* [EXERCISE DESCRIPTION] For the word "pants", return each line of the data in which it occurs.
START MATERIALS PROVIDED
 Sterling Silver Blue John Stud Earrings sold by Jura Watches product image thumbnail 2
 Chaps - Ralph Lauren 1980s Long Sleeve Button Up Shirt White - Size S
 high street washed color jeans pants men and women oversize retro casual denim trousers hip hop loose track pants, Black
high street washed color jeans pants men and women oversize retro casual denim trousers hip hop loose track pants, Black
END MATERIALS PROVIDED
START MATERIALS PROVIDED
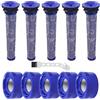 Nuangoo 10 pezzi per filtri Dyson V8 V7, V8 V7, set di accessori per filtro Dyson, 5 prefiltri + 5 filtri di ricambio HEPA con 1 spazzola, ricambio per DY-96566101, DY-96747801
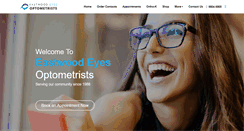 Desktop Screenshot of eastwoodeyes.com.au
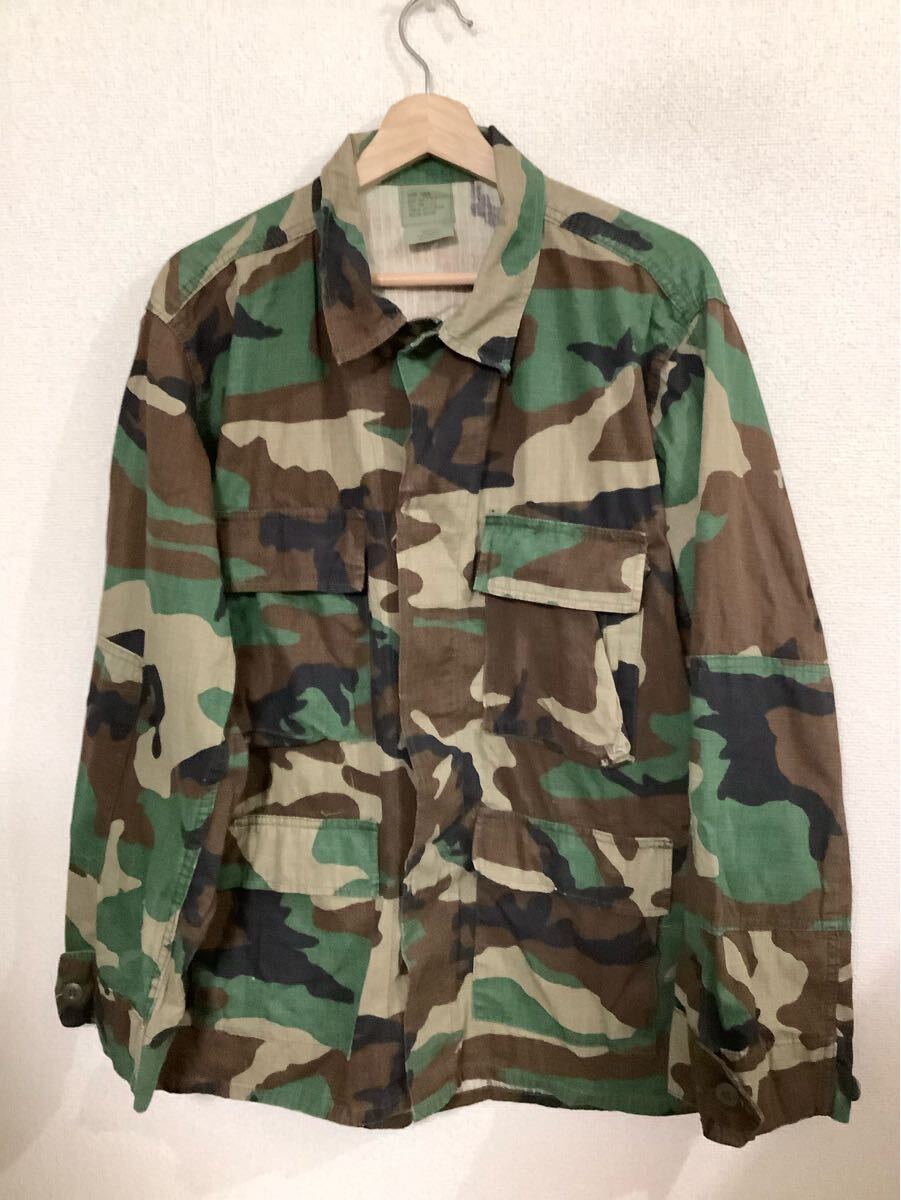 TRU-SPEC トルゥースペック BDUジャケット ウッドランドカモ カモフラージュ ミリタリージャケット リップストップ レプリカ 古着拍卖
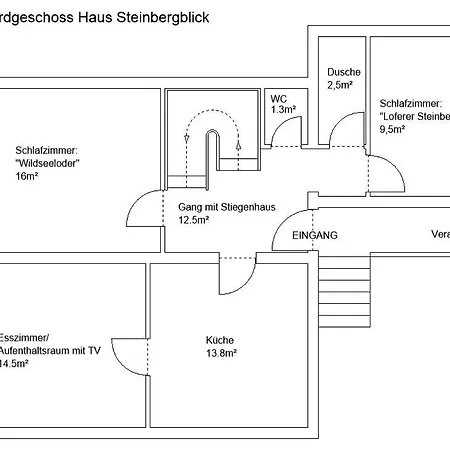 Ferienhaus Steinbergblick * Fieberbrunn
END MATERIALS PROVIDED
START MATERIALS PROVIDED
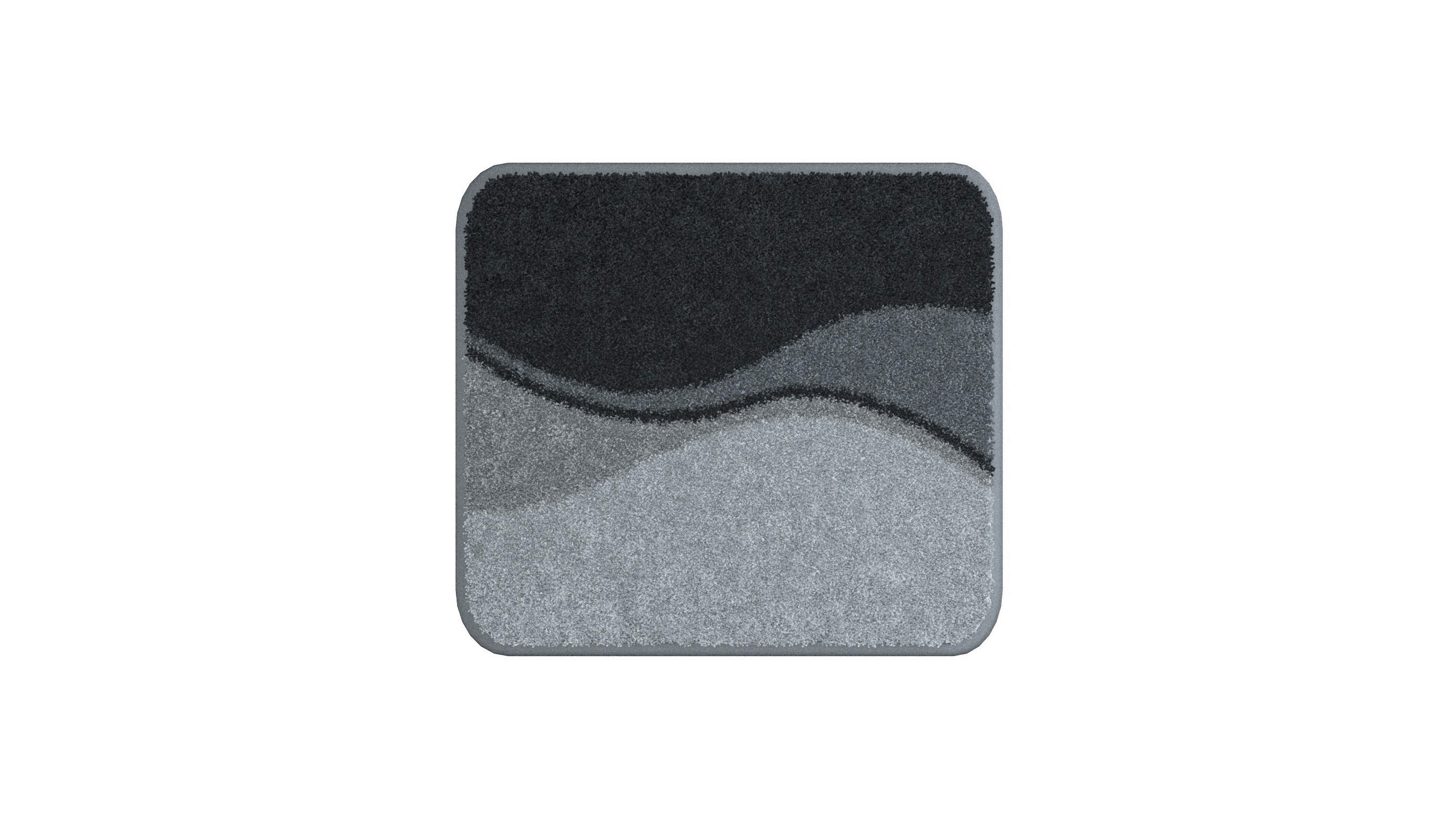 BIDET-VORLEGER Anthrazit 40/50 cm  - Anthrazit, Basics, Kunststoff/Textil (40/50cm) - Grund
END MATERIALS PROVIDED
* [FINISHED TASK]
 high street washed color jeans pants men and women oversize retro casual denim trousers hip hop loose track pants, Black
high street washed color jeans pants men and women oversize retro casual denim trousers hip hop loose track pants, Black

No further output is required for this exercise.